Leveraging the opportunity
Companies have a choice of connecting directly to SWIFT, indirectly through a service bureau or through a web-based tool provided by SWIFT, Alliance Lite2. In recent years, most companies have chosen to work with a service bureau as it avoids the need to invest in SWIFT skills and infrastructure. While it is not necessary to work with a service bureau located in Japan, some companies would prefer to do so. A list of service bureaus, including a selection in Japan, can be found at http://www.swift.com/partners. A service bureau can help with the physical connection to SWIFT, integration with internal systems, and formatting of information that is exchanged with each bank. Alliance Lite 2 is a new offering from SWIFT replacing its previous solution, Alliance Lite. The new version is cloud-based, requiring no technical infrastructure, and offers broad functionality and integration capabilities, and is priced at a level that is likely to prove attractive to a wide range of corporates. Hans Janssen, J.P. Morgan also believes that lower pricing will be a driver for adoption,
“With recent revisions to SWIFT pricing, and the introduction of Alliance Lite 2, the cost benefit analysis, and ease with which SWIFT can be adopted, has improved significantly, which will further encourage adoption.” [[[PAGE]]]
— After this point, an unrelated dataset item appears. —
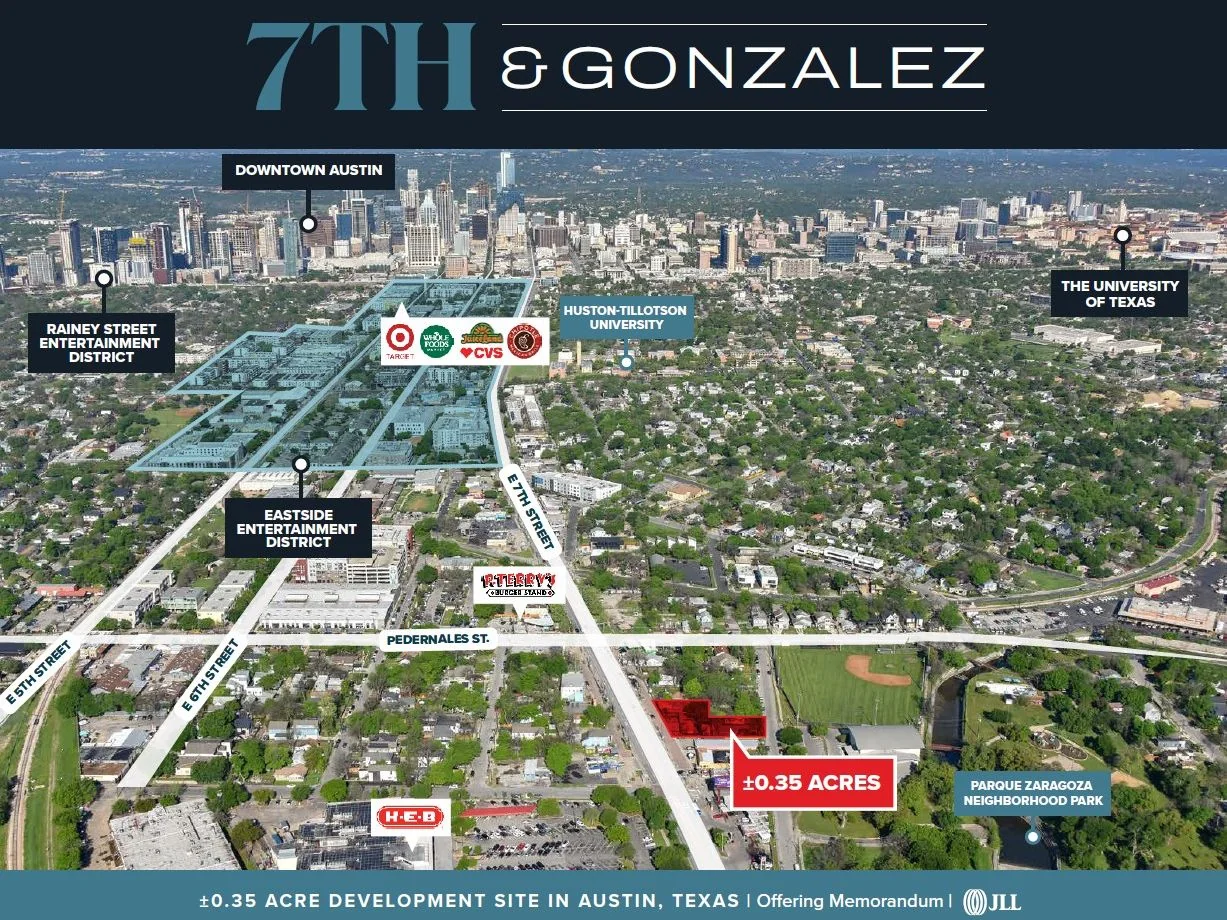 7th & Gonzalez (2522 E 7th) — Sale in Austin, TX, photo 2 of 6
The cash management imperative
It is impossible for treasurers to manage liquidity effectively unless they have timely and complete access to balance information across all of their accounts. Similarly, making payments and exchanging other financial messaging securely and efficiently with banking partners is an essential business activity. Significant costs and reputational damage can be associated with fraud and error and the cost of payment processing can be very high if not conducted efficiently. Hans Janssen, J.P. Morgan concludes,
“Japanese companies are seeking ways to achieve more visibility and control over their cash globally, reduce credit requirements, and streamline financial processing, particularly those that find credit more difficult to obtain. Japanese companies are typically less centralised in cash and treasury management than their foreign peers, so this is an important area of focus for them. SWIFT is often the backbone for an efficient global cash management framework, so we see it as an increasingly important element in Japanese companies’ cash and treasury management strategy.”